February 2011 Coach's Quiz
We have given you eight rules to help you prevent fair housing complaints based on first impressions. Now let's look at how the rules might apply in the real world. Take the COACH's Quiz to see what you have learned.
INSTRUCTIONS: Each of the following questions has only one correct answer. On a separate piece of paper, write down the number of each question, followed by the answer you think is correct—for example, (1) b, (2) a, and so on.
And this month, there's an extra credit assignment: Judge for Yourself, a description of an actual court case. Test yourself on whether you think the community should be held liable, and then check the summary of the court's ruling to see how much you have learned.

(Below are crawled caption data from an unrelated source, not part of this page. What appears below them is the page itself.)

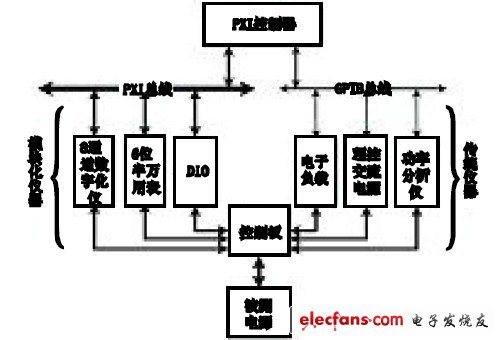 圖3 硬件構架。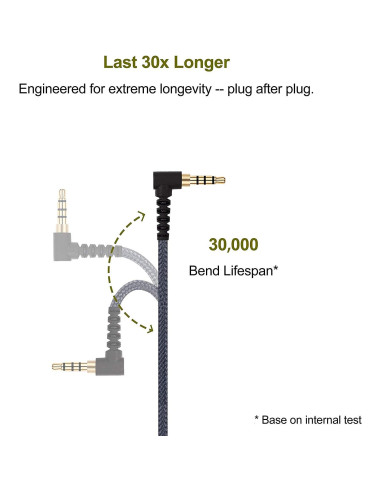 Cable Boom Micrófono ABLET 150 cm para Auriculares 3.5mm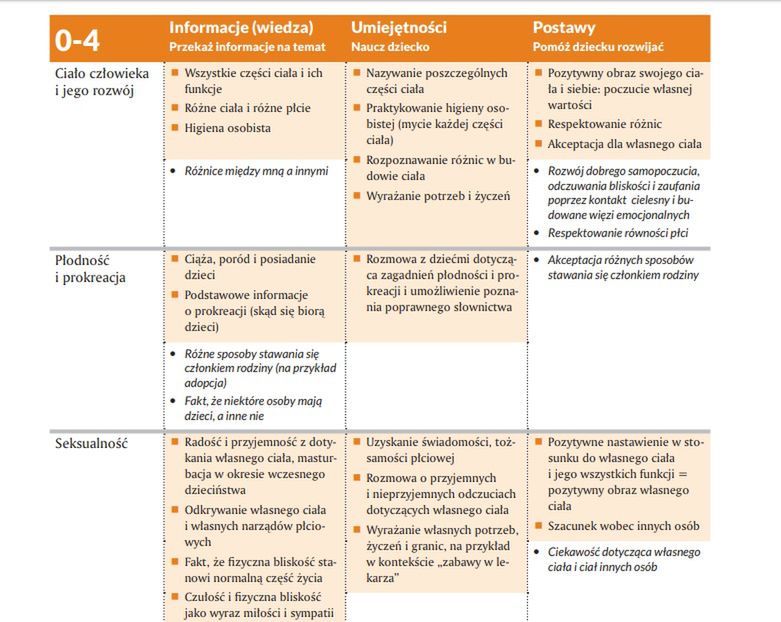 Standardy edukacji seksualnej wg WHO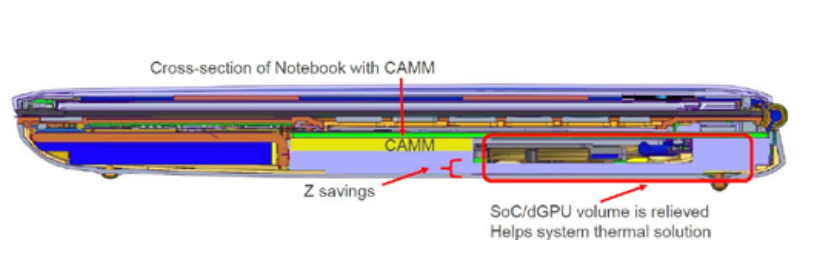 CAMM — то, что должно сделать ноутбуки ещё тоньше и быстрее - 7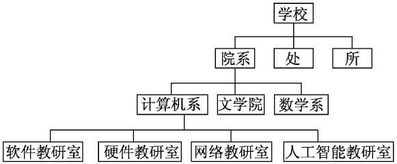 數據結構與算法需要什么基礎知識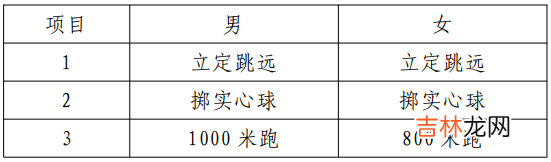 2022年河南安阳体育中考时间及评分标准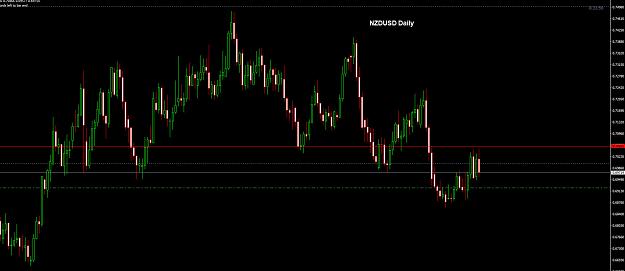 Click to Enlarge

Name: NZDUSD Daily 10-01.jpg
Size: 157 KB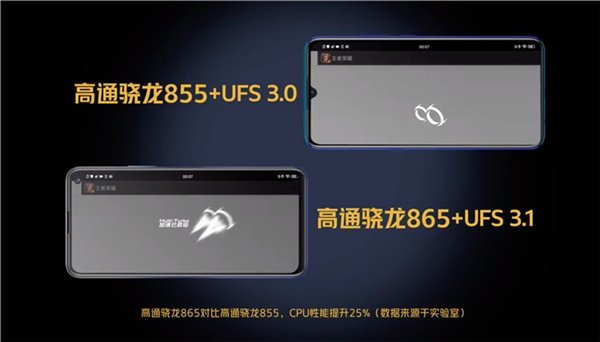 iQOO Neo3今日开卖：骁龙865+144Hz屏售2698元起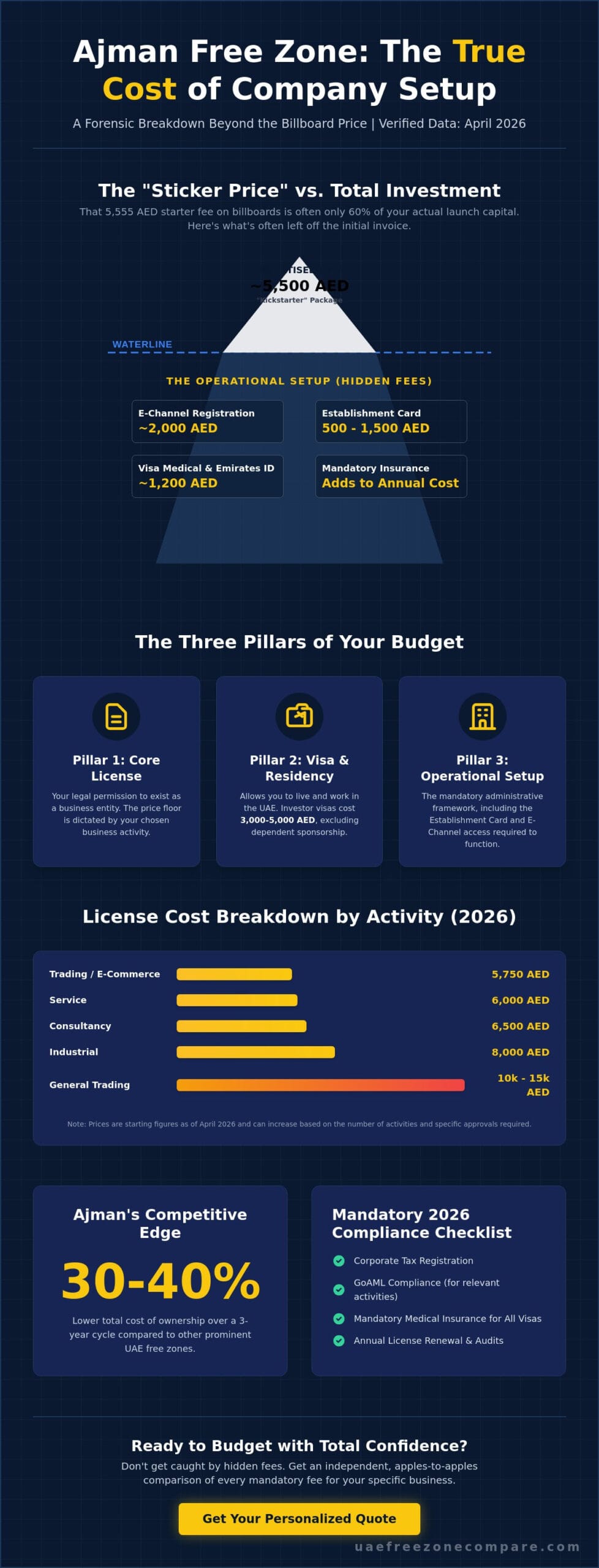 Ajman Free Zone Company Formation Cost: The 2026 Forensic Breakdown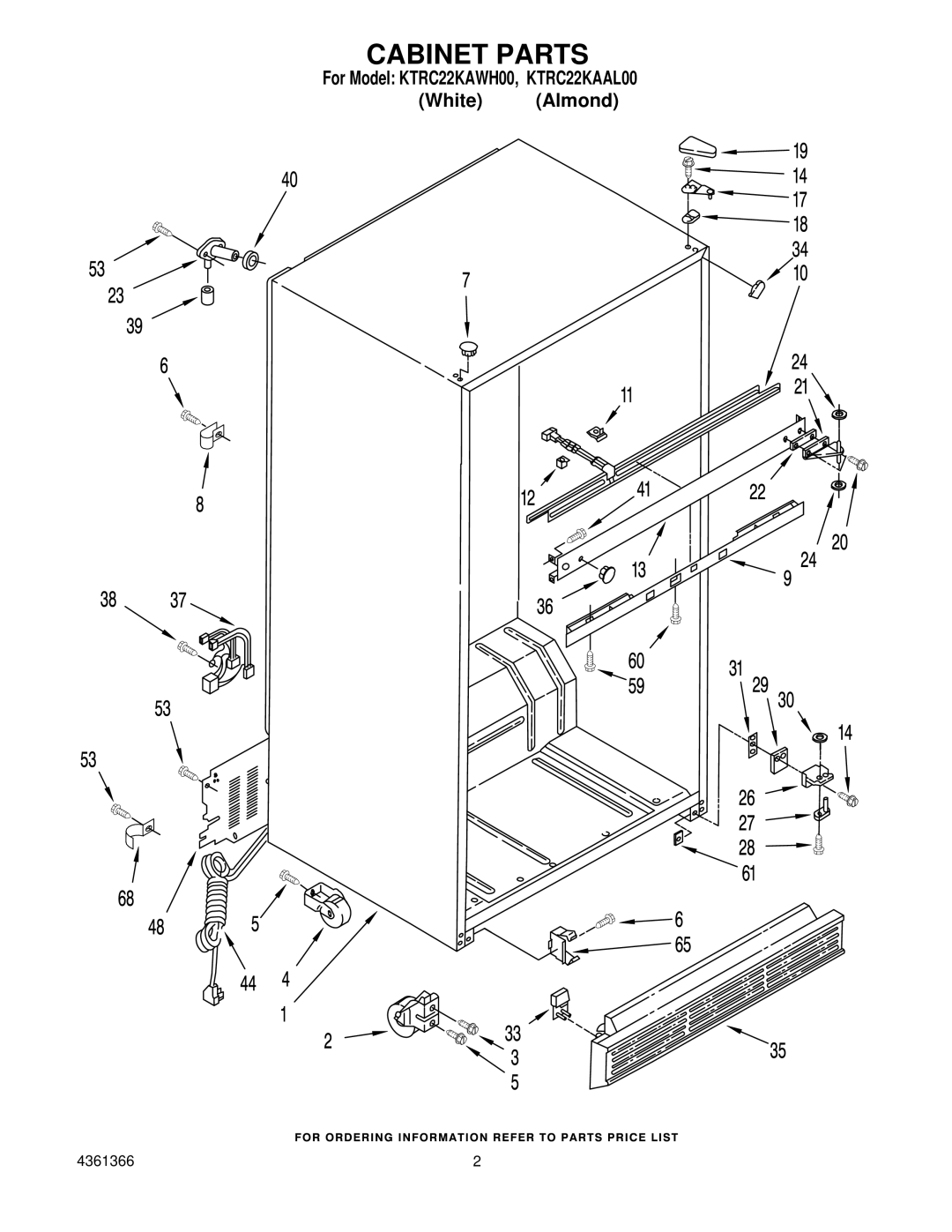 KitchenAid KTRC22KAWH00 manual Cabinet Parts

The correct answers (with explanations) follow the quiz. Good luck!
You overhear a leasing consultant saying that, because of the 9/11 attacks and ongoing reports about terrorism, he doesn't trust Middle Eastern or Muslim men. Could the leasing consultant's comments lead to a fair housing complaint?
No, since everyone is entitled to their own personal opinions and beliefs.
Yes, since his personal opinions could affect his attitude or behavior toward anyone who looks or sounds like they may be Muslim or of Middle Eastern descent.
An Hispanic man enters the leasing office near the end of the day, when all the other leasing consultants have left for the day. He tells the female leasing consultant, who is also Hispanic, that she reminds him of his former girlfriend and asks to see an available unit. She feels uncomfortable with his attentions and asks him to return for a showing the next day. Could the incident lead to a fair housing complaint?
EXTRA CREDIT: JUDGE FOR YOURSELF
A woman and her boyfriend met with the owner of a rental home. After a showing, the couple gave the owner a check as a security deposit. Apparently very unhappy with their current living arrangements, the couple told family and friends about the imminent move to the new home, which had a lower rent than their present accommodations.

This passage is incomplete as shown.